The aforementioned moment is kind of a big deal in illustrating a personal problem I have with Powell generally. The sequence in question is treated like a straight-forward thriller but it seems almost forced to make up for the rest of the film, which is rather poetic and understated. It doesn’t distract from the film overall, but it seems like such a useless “narrative” event that could have been handled much more delicately. Perhaps it’s not all too different from certain events in Ford’s The Grapes of Wrath or How Green Was My Valley but those films seem self-consciously bigger than themselves. They’re filled with poetry, but it’s a louder (so to speak) type of expression, where I think the rest of this film suggests something more subtle. In other words, Powell was reaching for something greater than Ford but came up short.

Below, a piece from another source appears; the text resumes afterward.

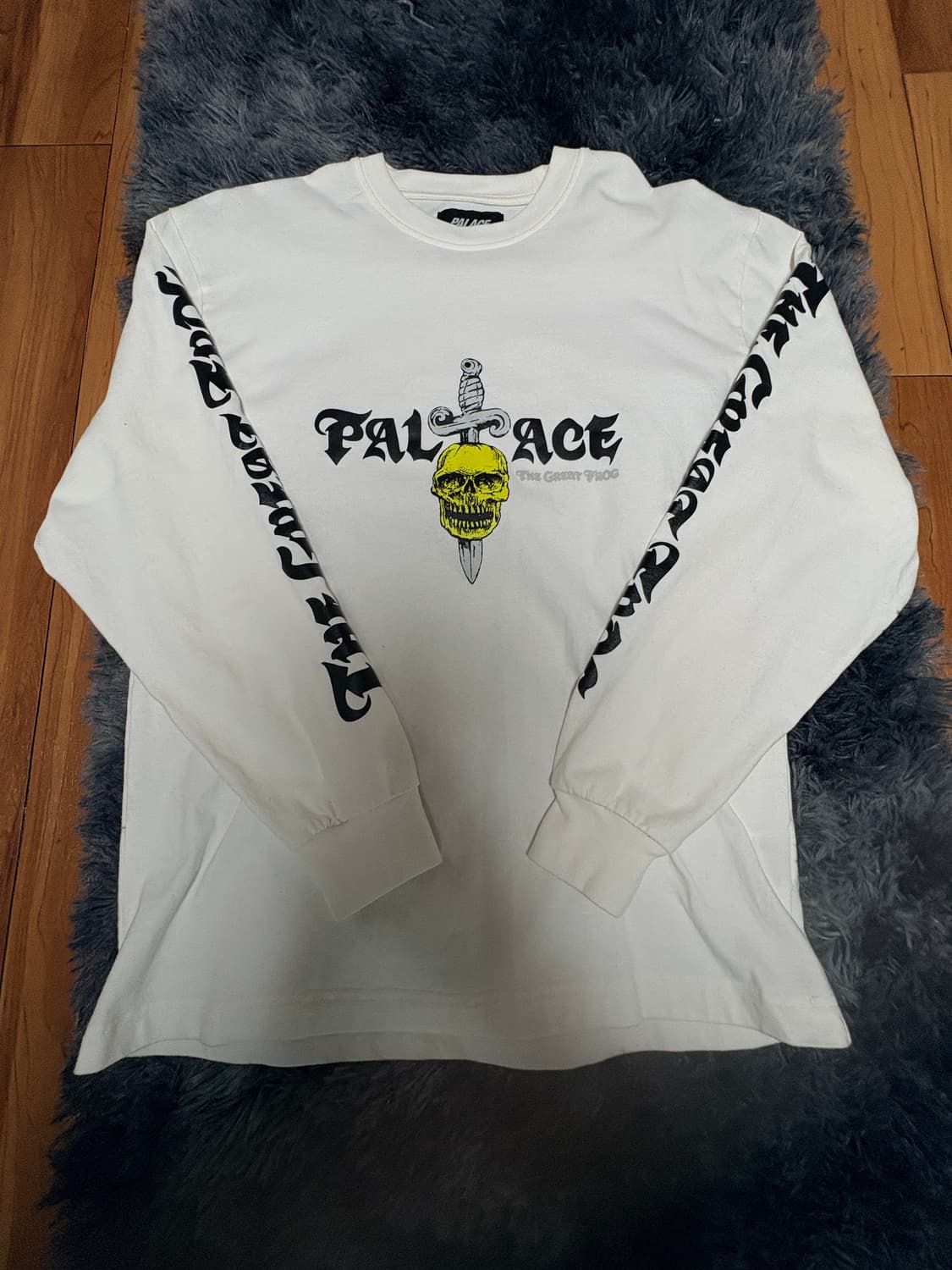 [M] Palace TGF 팔라스 롱슬리브 화이트 판매합니다 상품이미지1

There is a lot of wonderful things in this movie. I don’t particularly like the way Powell fades images on top of each other, but he’s at least going all the way with it. The fades never completely transition, they just serve as almost mental triggers of the past. It’s a little bit hokey, but there’s an earnestness in this attempt at poetry. It helps a huge deal that the images are incomparable to anything at the time. Sure, Renoir and Ford (who I guess are the closest companions to Powell in their respective countries) shot on location, but no one would attempt anything like this until Antonioni did in 1960.

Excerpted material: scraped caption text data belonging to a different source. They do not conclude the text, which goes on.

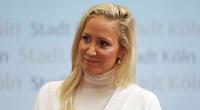 Janine Kunze zeigt sich im Monokini bei Instagram.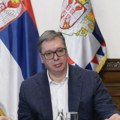 Vučić: Razumemo roditelje-negovatelje i izaći ćemo im u susret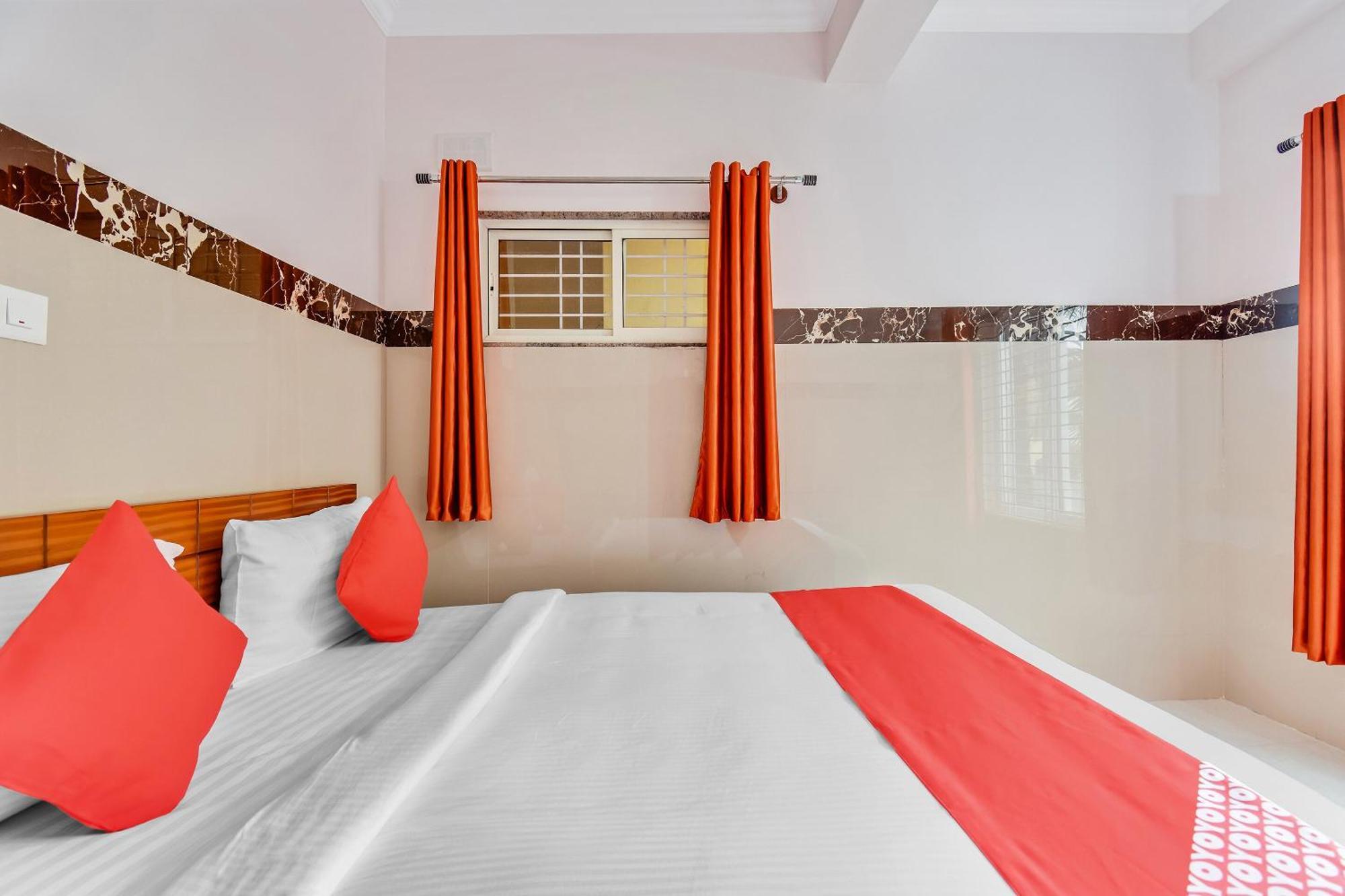 Hotel O Sri Sai Guru Comforts Yelahanka Bagian luar foto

The connection with L’Avventura seems inescapable to me. The visual similarity is too strong, but Powell’s images are more immediately confronting, if only because we have been shown the literal danger they can impose on the characters. It’s not nearly as haunting as Antonioni’s work for any number of reasons, but it is fascinating none the less. At times it feels more experimental and poetic if only because of it’s short running length and the way it avoids the characters  for stretches like an extended version of Ozu’s pillow shots. It might be because it is still fresh in my mind but the beauty of harsh weather so brilliantly captured in Arnold’s Wuthering Heights seems to be anticipated here. There’s sequences built almost entirely around the wind blowing against blades of grass and maybe it’s passé but that always gets to me. The Edge of the World isn’t perfect, but it’s hard to imagine anyone seeing this movie and not having it linger in their brain for a long time.